» **Activity**
I'd like the full listing transcribed exactly, with no images included.

** Source material follows **

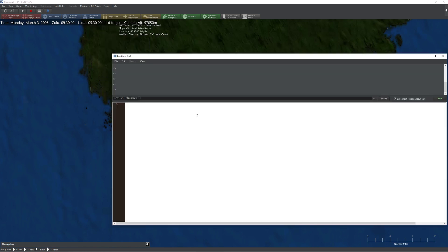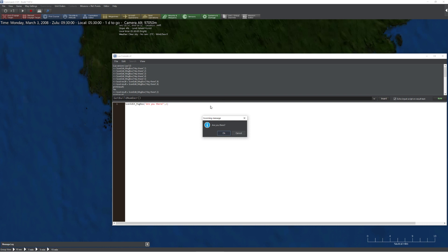I'm going to go up to the editor, bring down the Lua script console, and here it is. The MessageBox function is accessed pretty straightforwardly — we simply type in senedit_msgbox with a left parenthesis. There are two pieces to the MessageBox: the first is the string we display, for example 'are you there?', and the second is the actual type of MessageBox. If I do version 1 and hit run, it gives me OK or Cancel.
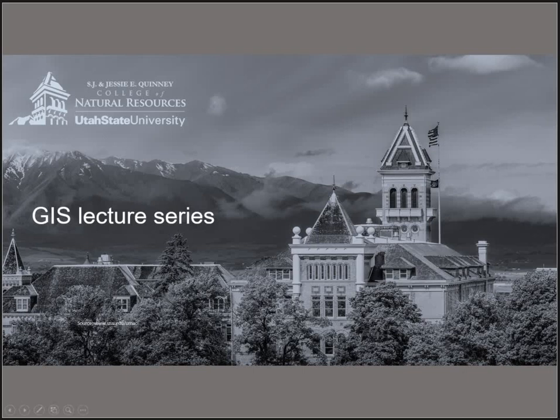Here's a brief introduction to some of the important things you can do in the attribute table of your spatial data. In particular, this is all vector data that we're working with here.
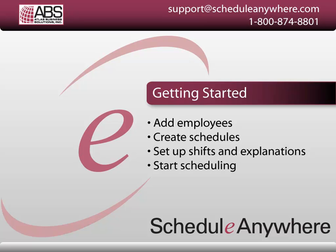Welcome to ScheduleAnywhere. In this video, we'll be walking through the steps on how to get started. Feel free to keep this video open while you go through ScheduleAnywhere and get familiar with it.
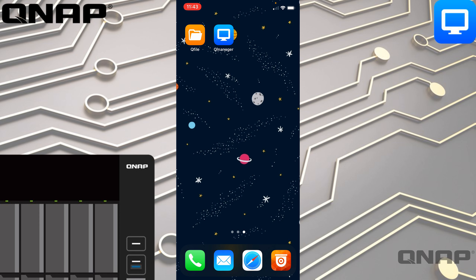Hi, my name is Craig. I'm the technical manager here at QNAP UK and today I wanted to cover one of our mobile applications. This is our application called QManager. It's free. I'll be demoing the version available on iOS, but it looks very similar on Android, which you can also get for free from the Google Play Store.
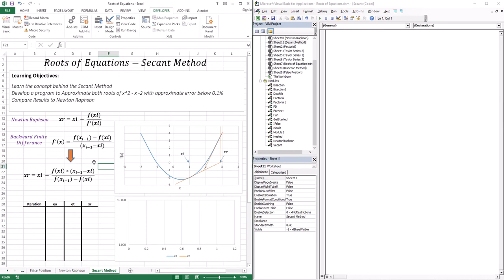In this lesson, we are going to write a program to deal with the same function, using the same approximate error of 0.1%. After we're done, we're going to compare the results to the Newton-Raphson. With the Newton-Raphson we use exact derivatives, and now we're approximating, so we do predict that the secant method is going to give less accurate results.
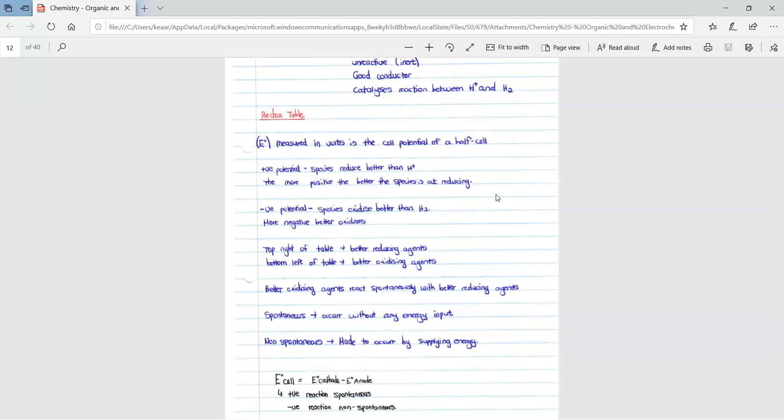Better oxidizing agents react spontaneously with better reducing agents. Spontaneous means it occurs without any energy input; non-spontaneous means it is made to occur by supplying energy. The cell potential equals the cathode potential minus the anode potential. If the cell potential is positive, the reaction is spontaneous. If it is negative, the reaction is non-spontaneous.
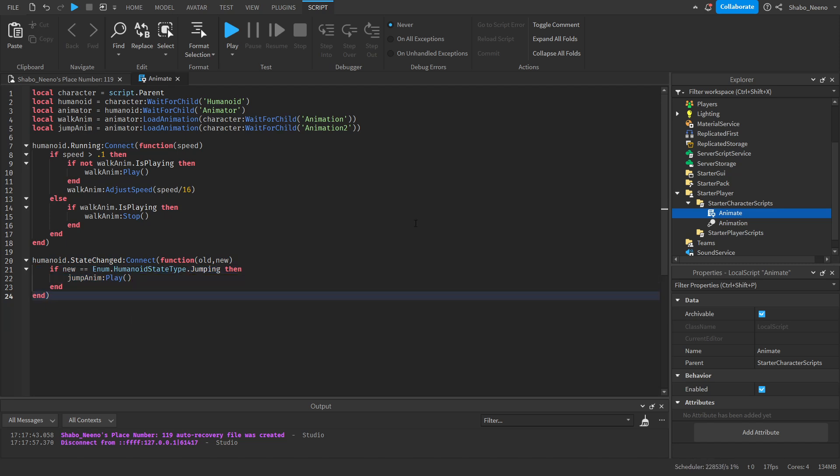And yeah, that's how you make a walk animation in Roblox. Make sure to slap that like button and punch the subscribe button. Peace.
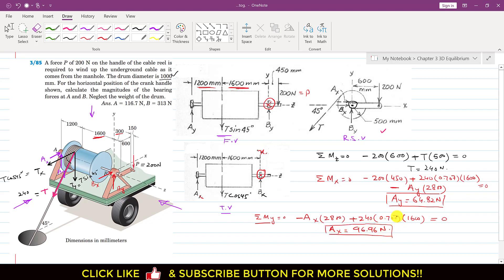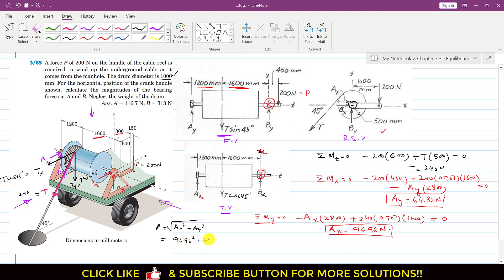Since we now know Ax and Ay, we can find the resultant reaction at point A using Pythagoras: A equals the square root of (Ax² + Ay²) equals the square root of (96.96² + 64.82²), which gives A equals 116.6 Newton.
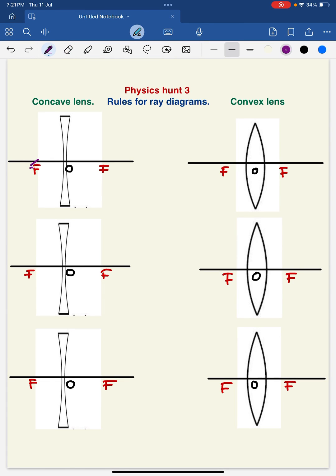Welcome back to the session. In this video, I am going to discuss about rules for ray diagrams.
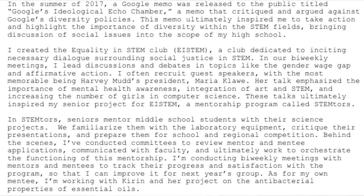'Her presentation emphasized mental health awareness, integration of art and STEM, and increasing the number of girls in computer science. These talks ultimately inspired my senior project for E-STEM: a mentorship program called STEM Tours. In STEM Tours, high school seniors mentor middle school students on their science projects. We familiarize them with laboratory equipment and prepare them for school and regional competitions. Behind the scenes, I've created committees to review mentor and mentee applications, communicated with faculty, and worked to orchestrate the functioning of this mentorship.'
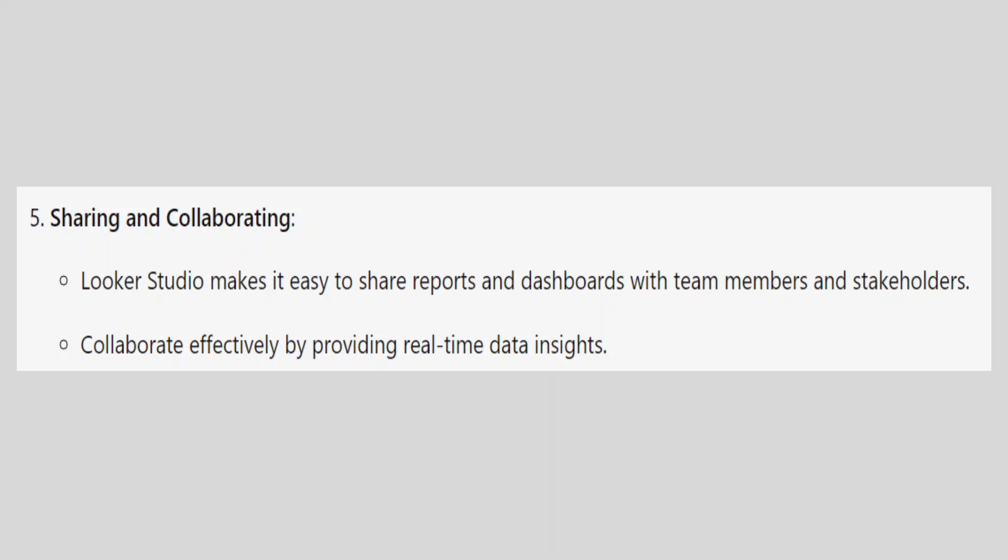Looker Studio makes it easy to share reports and dashboards with team members and stakeholders. Collaborate effectively by providing real-time data insights.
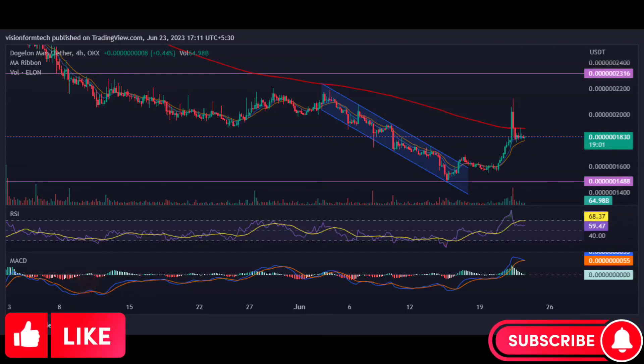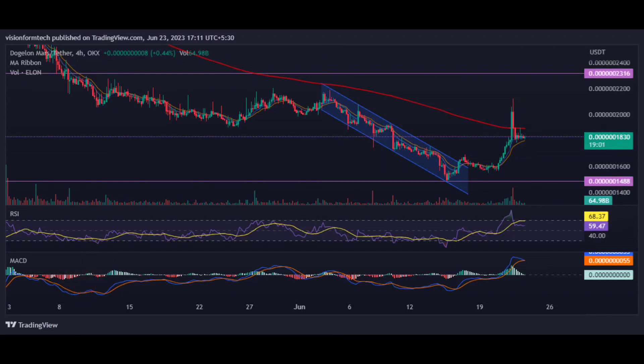ELON/USDT is down 93 percent from its all-time high. Dogelon Mars recorded an all-time low of $0.0000001488 and is currently trading at $0.0000001832. The price is down by 1.81 percent in the last 24 hours. The 24-hour trading volume saw a fall of 49.62 percent. The total market cap is $100,672,081.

** End of Source material **

» **Solution for this task**
I'm going to go up to the editor, bring down the Lua script console, and here it is. The MessageBox function is accessed pretty straightforwardly — we simply type in senedit_msgbox with a left parenthesis. There are two pieces to the MessageBox: the first is the string we display, for example 'are you there?', and the second is the actual type of MessageBox. If I do version 1 and hit run, it gives me OK or Cancel.
Here's a brief introduction to some of the important things you can do in the attribute table of your spatial data. In particular, this is all vector data that we're working with here.
Welcome to ScheduleAnywhere. In this video, we'll be walking through the steps on how to get started. Feel free to keep this video open while you go through ScheduleAnywhere and get familiar with it.
Hi, my name is Craig. I'm the technical manager here at QNAP UK and today I wanted to cover one of our mobile applications. This is our application called QManager. It's free. I'll be demoing the version available on iOS, but it looks very similar on Android, which you can also get for free from the Google Play Store.
In this lesson, we are going to write a program to deal with the same function, using the same approximate error of 0.1%. After we're done, we're going to compare the results to the Newton-Raphson. With the Newton-Raphson we use exact derivatives, and now we're approximating, so we do predict that the secant method is going to give less accurate results.
Better oxidizing agents react spontaneously with better reducing agents. Spontaneous means it occurs without any energy input; non-spontaneous means it is made to occur by supplying energy. The cell potential equals the cathode potential minus the anode potential. If the cell potential is positive, the reaction is spontaneous. If it is negative, the reaction is non-spontaneous.
And yeah, that's how you make a walk animation in Roblox. Make sure to slap that like button and punch the subscribe button. Peace.
Since we now know Ax and Ay, we can find the resultant reaction at point A using Pythagoras: A equals the square root of (Ax² + Ay²) equals the square root of (96.96² + 64.82²), which gives A equals 116.6 Newton.
Welcome back to the session. In this video, I am going to discuss about rules for ray diagrams.
'Her presentation emphasized mental health awareness, integration of art and STEM, and increasing the number of girls in computer science. These talks ultimately inspired my senior project for E-STEM: a mentorship program called STEM Tours. In STEM Tours, high school seniors mentor middle school students on their science projects. We familiarize them with laboratory equipment and prepare them for school and regional competitions. Behind the scenes, I've created committees to review mentor and mentee applications, communicated with faculty, and worked to orchestrate the functioning of this mentorship.'
Looker Studio makes it easy to share reports and dashboards with team members and stakeholders. Collaborate effectively by providing real-time data insights.
ELON/USDT is down 93 percent from its all-time high. Dogelon Mars recorded an all-time low of $0.0000001488 and is currently trading at $0.0000001832. The price is down by 1.81 percent in the last 24 hours. The 24-hour trading volume saw a fall of 49.62 percent. The total market cap is $100,672,081.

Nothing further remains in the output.